The programme will also feature Steven Soderbergh's "guerilla project", Schizopolis, a satire on late-20th century anxieties; Bob Gosse's picture of shoplifters, played by Henry Thomas and Ronin Tunney, in Niagara Niagara; Toni Collette, Lisa Kudrow and Parker Posey as dissatisfied office workers in Jill Spreecher's Clockwatchers; Nick Stahl, Martha Plimpton and Kevin Anderson in the story of a troubled marriage in Tim Blake Nelson's Eye of God; and Hilary Brougher's offbeat science-fiction film, The Sticky Fingers of Time.
Meanwhile, Cinematek at Triskel Arts Centre in Cork has four first-run features on its March-April programme, among them Alexandr Sokurov's highly regarded Russian film, Mother and Son (March 23rd to 27th); Mohsen Makhamlbaf's Iranian film, A Moment of Innocence (April 20th to 24th); and Jacques Rivette's Secret Defense, featuring Sandrine Bonnaire (April 27th to May 1st). Showing today and tomorrow at Cinematek is Jean Eustache's extraordinary 1973 French film, The Mother and the Whore.
Erick Zonka's first feature film, La Vie Revee des Anges (The Dreamlife of Angels) took the major award for best film at the 24th annual Cesar awards, France's equivalent of the Oscars, which were announced recently in Paris.
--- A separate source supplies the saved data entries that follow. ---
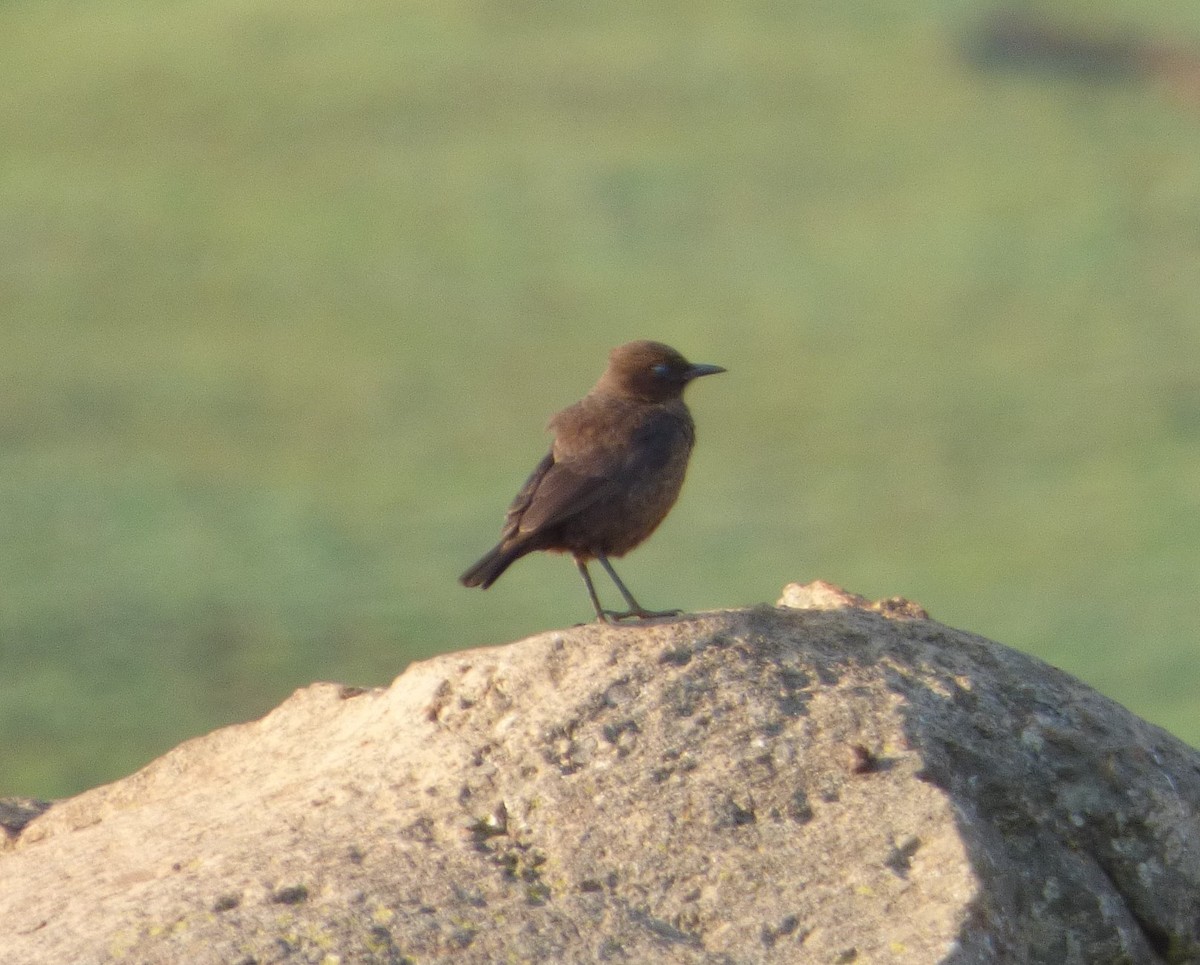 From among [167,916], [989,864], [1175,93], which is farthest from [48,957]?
[1175,93]

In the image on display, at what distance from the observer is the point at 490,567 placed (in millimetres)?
6492

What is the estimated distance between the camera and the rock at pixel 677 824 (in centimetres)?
469

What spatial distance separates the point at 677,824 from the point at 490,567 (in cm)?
163

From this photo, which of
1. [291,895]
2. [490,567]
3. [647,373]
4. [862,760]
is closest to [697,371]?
[647,373]

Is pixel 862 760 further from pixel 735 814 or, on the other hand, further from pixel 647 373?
pixel 647 373

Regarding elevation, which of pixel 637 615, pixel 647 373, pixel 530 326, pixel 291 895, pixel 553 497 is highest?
pixel 530 326

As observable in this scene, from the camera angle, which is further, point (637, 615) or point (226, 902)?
point (637, 615)

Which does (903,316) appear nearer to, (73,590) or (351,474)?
(351,474)

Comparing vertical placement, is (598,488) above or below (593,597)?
above

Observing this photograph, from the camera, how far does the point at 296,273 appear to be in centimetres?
2027

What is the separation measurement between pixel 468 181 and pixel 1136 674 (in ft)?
30.5

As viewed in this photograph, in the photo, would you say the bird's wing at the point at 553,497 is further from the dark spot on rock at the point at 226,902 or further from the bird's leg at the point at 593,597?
the dark spot on rock at the point at 226,902

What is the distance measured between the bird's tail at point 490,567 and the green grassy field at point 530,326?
7.12 meters

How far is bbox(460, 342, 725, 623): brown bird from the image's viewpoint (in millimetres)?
6531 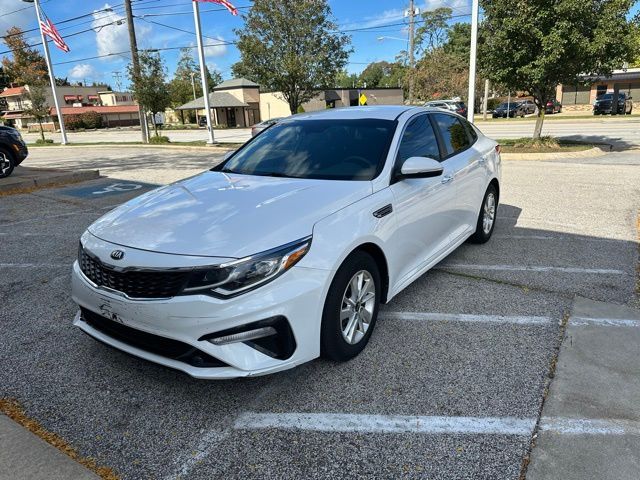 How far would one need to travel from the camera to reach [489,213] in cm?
584

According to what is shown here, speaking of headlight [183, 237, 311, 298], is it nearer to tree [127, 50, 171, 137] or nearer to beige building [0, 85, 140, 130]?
tree [127, 50, 171, 137]

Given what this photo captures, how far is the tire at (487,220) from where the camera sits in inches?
218

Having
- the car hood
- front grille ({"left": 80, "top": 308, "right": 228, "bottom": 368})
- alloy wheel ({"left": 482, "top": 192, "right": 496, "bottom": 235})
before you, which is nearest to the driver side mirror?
the car hood

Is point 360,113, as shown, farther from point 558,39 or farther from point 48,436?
point 558,39

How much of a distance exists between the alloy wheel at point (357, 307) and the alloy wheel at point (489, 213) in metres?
2.84

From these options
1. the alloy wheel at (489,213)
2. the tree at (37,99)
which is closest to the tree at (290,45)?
the alloy wheel at (489,213)

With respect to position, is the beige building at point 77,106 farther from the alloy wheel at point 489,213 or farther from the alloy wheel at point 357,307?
the alloy wheel at point 357,307

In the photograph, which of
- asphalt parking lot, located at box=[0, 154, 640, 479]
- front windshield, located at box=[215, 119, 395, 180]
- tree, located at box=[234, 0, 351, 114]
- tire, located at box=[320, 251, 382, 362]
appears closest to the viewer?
asphalt parking lot, located at box=[0, 154, 640, 479]

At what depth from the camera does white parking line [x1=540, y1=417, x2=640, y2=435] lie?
2.54 metres

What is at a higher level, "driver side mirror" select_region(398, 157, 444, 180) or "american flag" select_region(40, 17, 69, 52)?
"american flag" select_region(40, 17, 69, 52)

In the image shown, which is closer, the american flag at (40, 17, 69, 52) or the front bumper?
the front bumper

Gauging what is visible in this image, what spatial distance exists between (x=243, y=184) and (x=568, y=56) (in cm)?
1306

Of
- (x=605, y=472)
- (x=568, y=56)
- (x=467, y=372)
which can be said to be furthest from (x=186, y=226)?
(x=568, y=56)

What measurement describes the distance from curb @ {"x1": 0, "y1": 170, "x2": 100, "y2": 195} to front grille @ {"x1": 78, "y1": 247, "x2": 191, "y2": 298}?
29.6ft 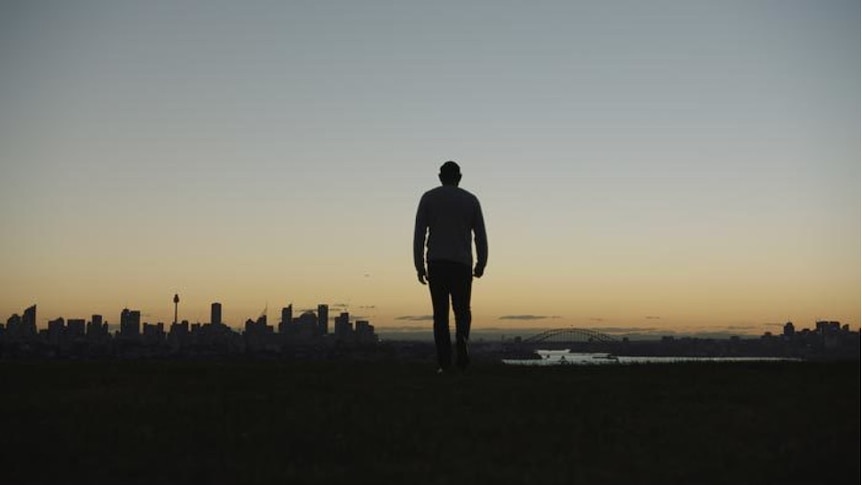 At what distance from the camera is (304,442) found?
905 centimetres

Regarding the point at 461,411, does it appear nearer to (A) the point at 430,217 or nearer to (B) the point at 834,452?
(B) the point at 834,452

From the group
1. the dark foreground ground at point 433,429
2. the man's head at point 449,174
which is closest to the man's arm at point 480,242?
the man's head at point 449,174

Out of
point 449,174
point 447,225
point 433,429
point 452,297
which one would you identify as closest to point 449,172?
point 449,174

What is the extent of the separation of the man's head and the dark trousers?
1481 millimetres

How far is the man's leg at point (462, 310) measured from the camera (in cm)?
1523

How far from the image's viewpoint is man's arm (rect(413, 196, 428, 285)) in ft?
51.1

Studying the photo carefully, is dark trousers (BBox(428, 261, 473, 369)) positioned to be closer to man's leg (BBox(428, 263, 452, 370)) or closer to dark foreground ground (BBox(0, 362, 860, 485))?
man's leg (BBox(428, 263, 452, 370))

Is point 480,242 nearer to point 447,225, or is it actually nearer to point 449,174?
point 447,225

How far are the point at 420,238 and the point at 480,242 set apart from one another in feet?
3.47

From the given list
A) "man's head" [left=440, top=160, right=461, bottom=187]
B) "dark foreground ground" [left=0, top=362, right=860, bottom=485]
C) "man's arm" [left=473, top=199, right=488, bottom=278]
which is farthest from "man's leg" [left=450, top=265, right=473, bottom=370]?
"man's head" [left=440, top=160, right=461, bottom=187]

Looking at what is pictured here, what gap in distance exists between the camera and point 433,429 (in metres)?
9.46

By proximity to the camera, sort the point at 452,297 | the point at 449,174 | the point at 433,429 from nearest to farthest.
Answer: the point at 433,429 < the point at 452,297 < the point at 449,174

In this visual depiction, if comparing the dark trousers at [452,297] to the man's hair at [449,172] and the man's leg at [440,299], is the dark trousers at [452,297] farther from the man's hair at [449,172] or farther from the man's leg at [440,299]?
the man's hair at [449,172]

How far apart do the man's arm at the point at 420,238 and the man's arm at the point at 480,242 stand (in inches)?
34.4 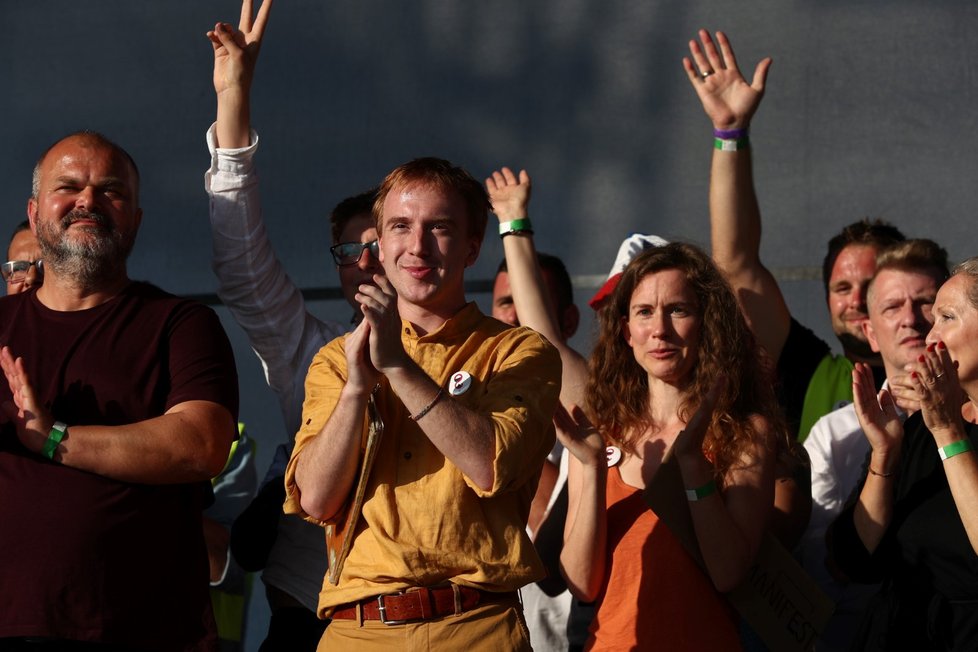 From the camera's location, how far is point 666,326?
3180 millimetres

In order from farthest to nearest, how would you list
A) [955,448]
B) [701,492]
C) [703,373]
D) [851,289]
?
[851,289] < [703,373] < [701,492] < [955,448]

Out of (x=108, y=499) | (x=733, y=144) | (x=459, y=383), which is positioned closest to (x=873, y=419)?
(x=733, y=144)

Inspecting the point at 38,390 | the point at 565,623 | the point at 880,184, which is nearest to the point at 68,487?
the point at 38,390

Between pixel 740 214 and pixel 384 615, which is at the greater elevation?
pixel 740 214

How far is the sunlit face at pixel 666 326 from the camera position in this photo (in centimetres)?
317

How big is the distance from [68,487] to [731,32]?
3.18 metres

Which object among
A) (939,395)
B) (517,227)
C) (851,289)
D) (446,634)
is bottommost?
(446,634)

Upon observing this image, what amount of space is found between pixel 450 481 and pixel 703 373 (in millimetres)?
939

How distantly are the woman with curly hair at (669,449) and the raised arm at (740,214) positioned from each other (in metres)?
0.38

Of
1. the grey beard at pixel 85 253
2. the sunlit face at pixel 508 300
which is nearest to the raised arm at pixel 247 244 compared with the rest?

The film's co-stars, Elodie Bouchez and Natacha Regnier, who shared the best actress prize at last year's Cannes Film Festival, both received Cesars - best actress for Bouchez and best up-and-coming actress for Regnier.
However, it did not take the Cesar for best first film, an award which went to Bruno Podalydes for Dieu Seul Me Voit (Only God Sees Me), which was shown at the French Film Festival in Dublin last December with Podalydes in attendance.
The Cesar for best director went to Patrice Chereau for his sixth feature, Ceux Qui M'Aiment Prendront Le Train (Those Who Love Me Can Take the Train), which received two further Cesars; to Dominique Blanc for best supporting actress and to Eric Gautier for best photography.
Having previously received only a single Cesar nomination despite a series of box office hits, writer-director Francis Veber finally got an award. He received the best script nod for his hugely popular comedy Le Diner de Cons, which has grossed more than $52 million in France. DreamWorks is planning an American remake of the film. Two of the film's actors also took awards, with Jacques Villeret winning best actor and Daniel Prevost best supporting actor.
The award for best foreign film went to Roberto Benigni for La Vita e Bella.
The Galway-based production company, Magma Films, has secured a major breakthrough into the American television market. The Fox network has acquired 26 half-hour episodes of Magma's animated series, Pigs Next Door, for primetime transmission in the autumn.